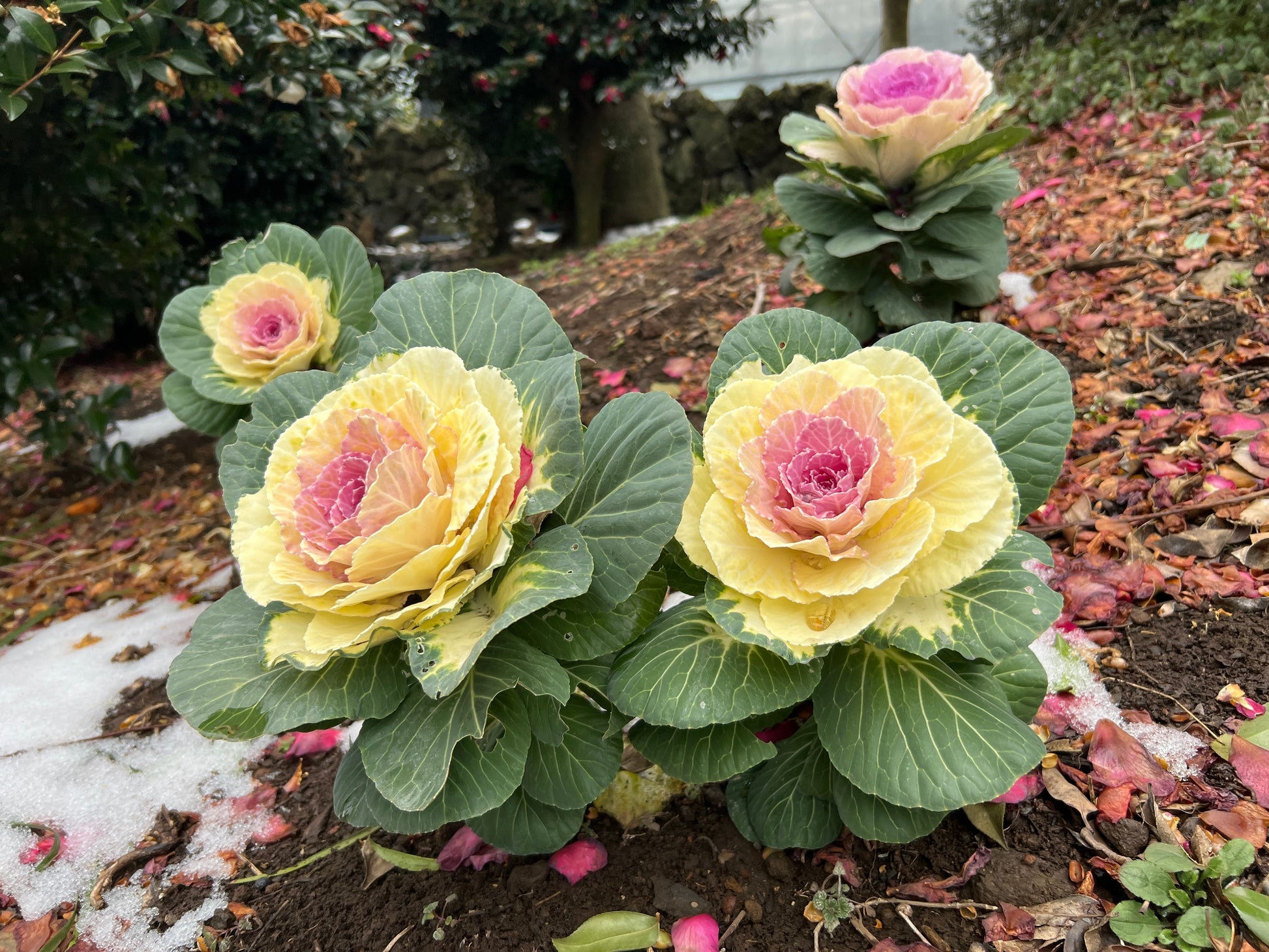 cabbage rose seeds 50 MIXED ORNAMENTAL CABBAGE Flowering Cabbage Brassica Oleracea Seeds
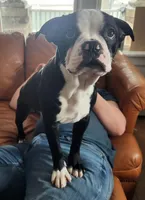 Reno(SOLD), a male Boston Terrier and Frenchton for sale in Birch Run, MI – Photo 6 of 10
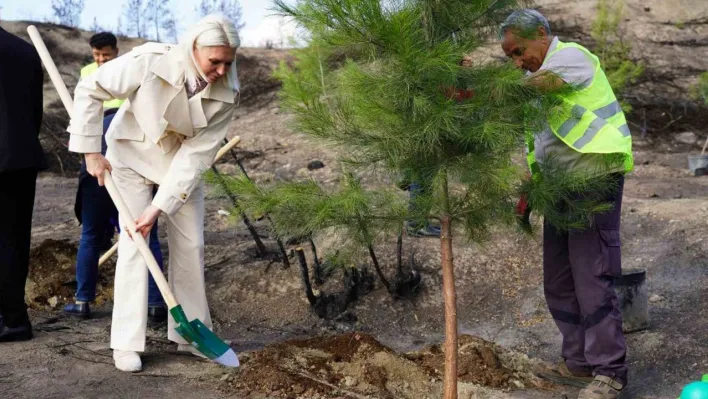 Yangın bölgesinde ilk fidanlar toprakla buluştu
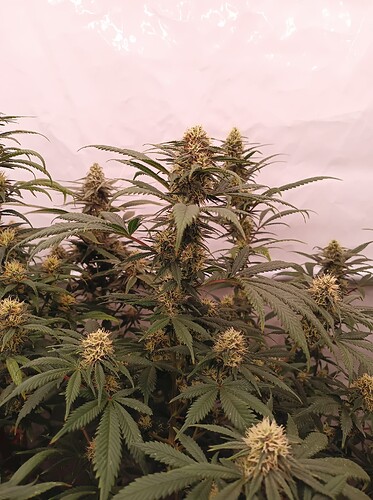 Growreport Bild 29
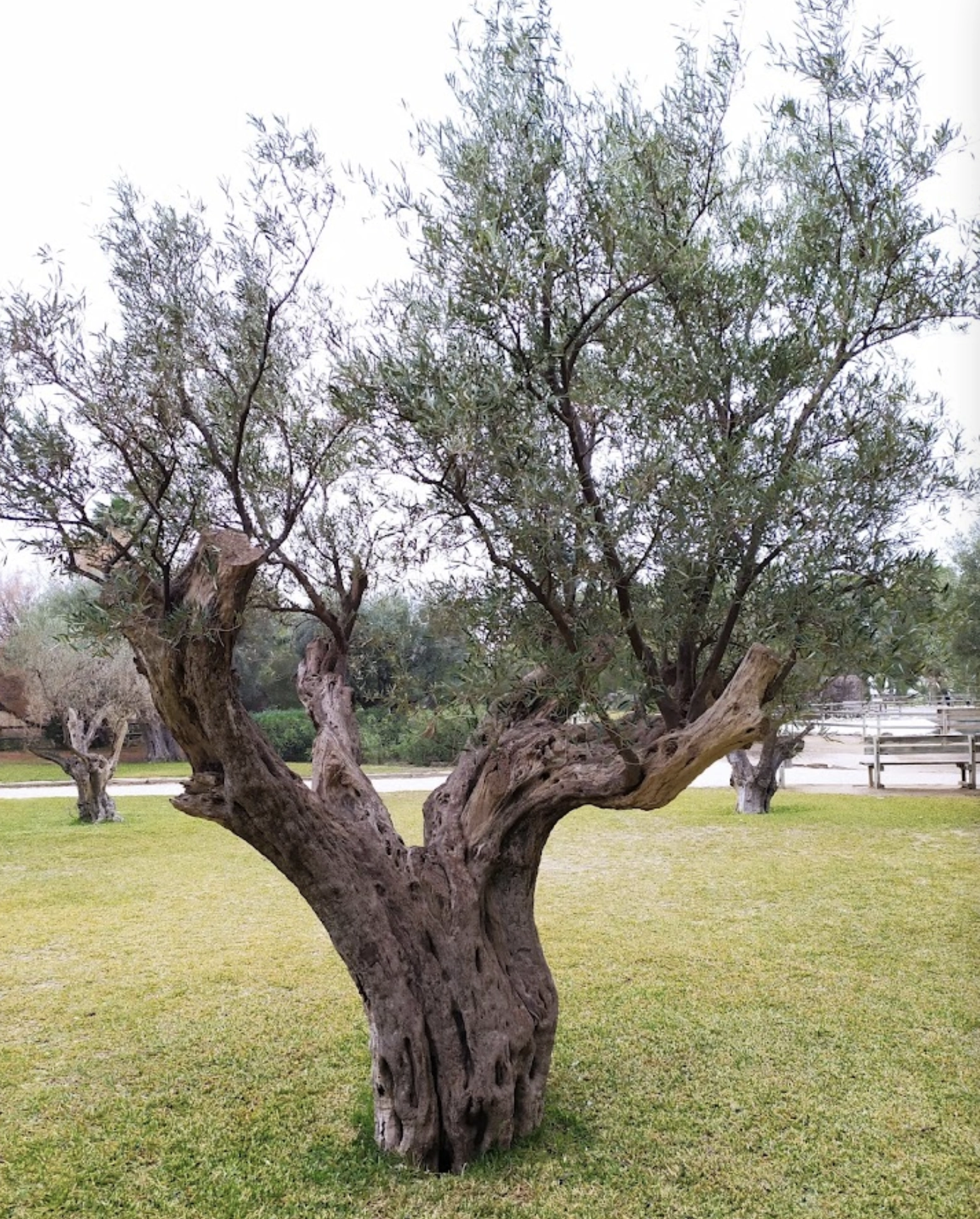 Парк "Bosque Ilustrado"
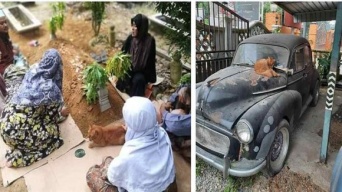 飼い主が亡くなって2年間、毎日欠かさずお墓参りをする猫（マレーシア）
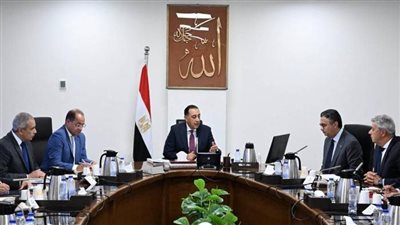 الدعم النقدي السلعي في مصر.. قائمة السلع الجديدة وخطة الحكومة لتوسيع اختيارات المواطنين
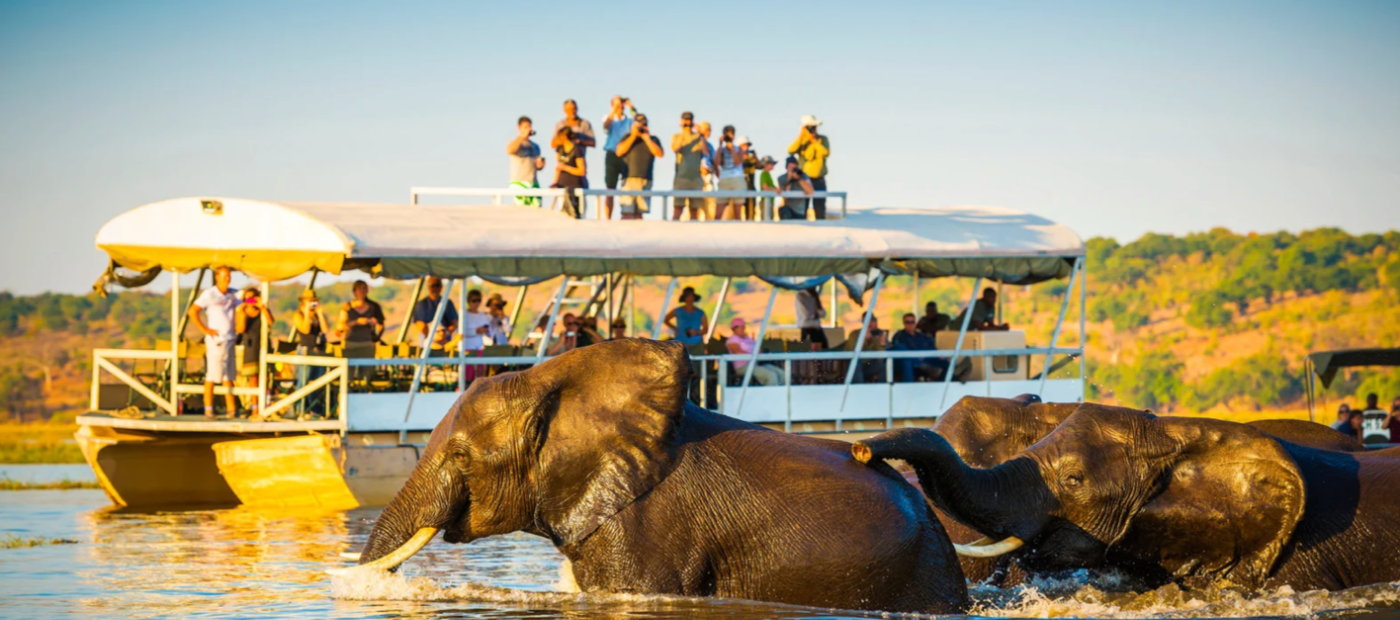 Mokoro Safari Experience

****

Set the preceding data down again word for word, omitting images.

 cabbage rose seeds 50 MIXED ORNAMENTAL CABBAGE Flowering Cabbage Brassica Oleracea Seeds
 Reno(SOLD), a male Boston Terrier and Frenchton for sale in Birch Run, MI – Photo 6 of 10
 Yangın bölgesinde ilk fidanlar toprakla buluştu
 Growreport Bild 29
 Парк "Bosque Ilustrado"
 飼い主が亡くなって2年間、毎日欠かさずお墓参りをする猫（マレーシア）
 الدعم النقدي السلعي في مصر.. قائمة السلع الجديدة وخطة الحكومة لتوسيع اختيارات المواطنين
 Mokoro Safari Experience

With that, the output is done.